Die Bewerbung von „klimaneutralen“ Produkten war in der jüngeren Vergangenheit regelmäßig Gegenstand mehrerer gerichtlicher Entscheidungen. Zuletzt entschied das OLG Schleswig, dass „klimaneutral“ ein eindeutig bestimmbarer Begriff sei, der keiner weiteren Erläuterung bedürfe. Das OLG Frankfurt hingegen ging davon aus, dass die Werbung mit dem Begriff „klimaneutral“ erheblichen Einfluss auf die Kaufentscheidung der Verbraucher habe und daher über grundlegende Umstände der von Unternehmern beanspruchten Klimaneutralität aufzuklären sei. Nun hat sich der BGH hierzu geäußert und sieht ein gesteigertes Aufklärungsbedürfnis der angesprochenen Verkehrskreise über die Bedeutung und den Inhalt bei mehrdeutigen umweltbezogenen Aussagen.
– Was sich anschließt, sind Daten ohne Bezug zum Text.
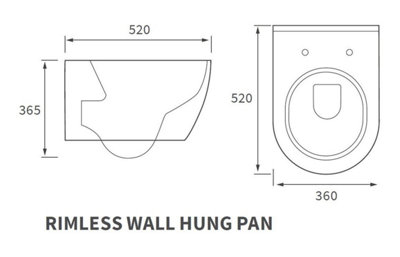 Aquarius Emma Rimless Wall Hung Toilet WC with Soft Close Seat - 5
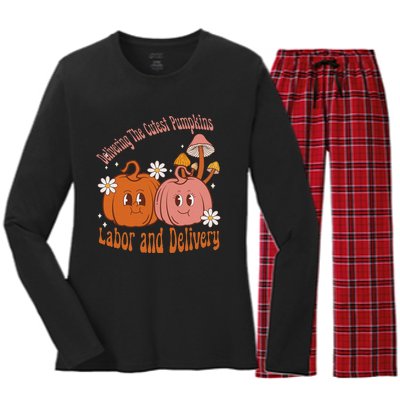 Delivering The Cutest Pumpkins Labor & Delivery Halloween Women's Long Sleeve Flannel Pajama Set 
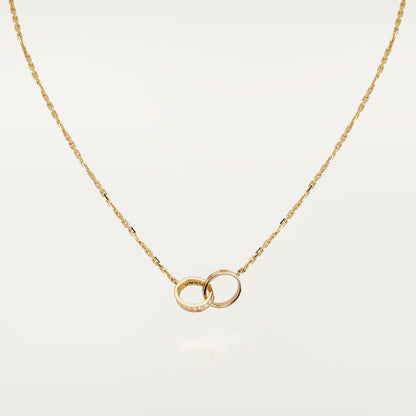 [Angela Jewelry]LOVE DOUBLE RING HALF DIAMOND NECKLACE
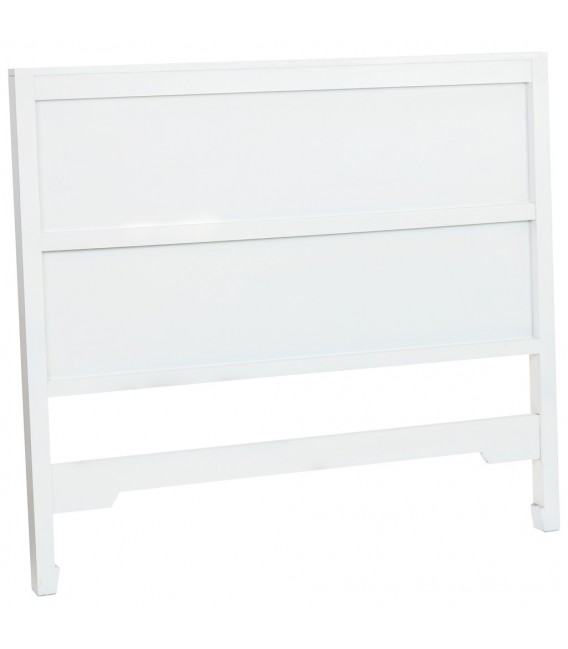 Cabecero oriental blanco tallado con panel de ratán natural. 6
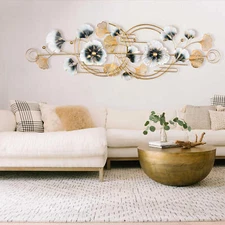 65" Oversized Ginkgo Leaf Metal Wall Decor for Living Room Large Metal Wall Art-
Um eine Irreführung zu vermeiden, muss regelmäßig bereits in der Werbung selbst erläutert werden, welche konkrete Bedeutung maßgeblich ist. In diesem Rechtstipp der Woche finden Sie weitere Informationen zu dieser Thematik.
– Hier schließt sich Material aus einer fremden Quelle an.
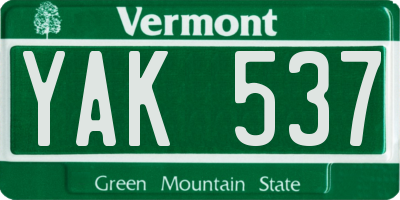 VT license plate YAK537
Im Rahmen des europäischen Green Deals“ wurde zuletzt die RL (EU) 2024/825 erlassen, die die Mitgliedstaaten bis 2026 umsetzen und anwenden müssen. Vorgesehen sind darin u.a. neue Informationspflichten hinsichtlich Lebensdauer und Reparierbarkeit von Produkten und ein Verbot von Greenwashing. Mit der Aktualisierung der Verbraucherschutzvorschriften sollen das Bewusstsein für den ökologischen Wandel gestärkt und die Verbraucher vor falschen Umweltaussagen geschützt werden.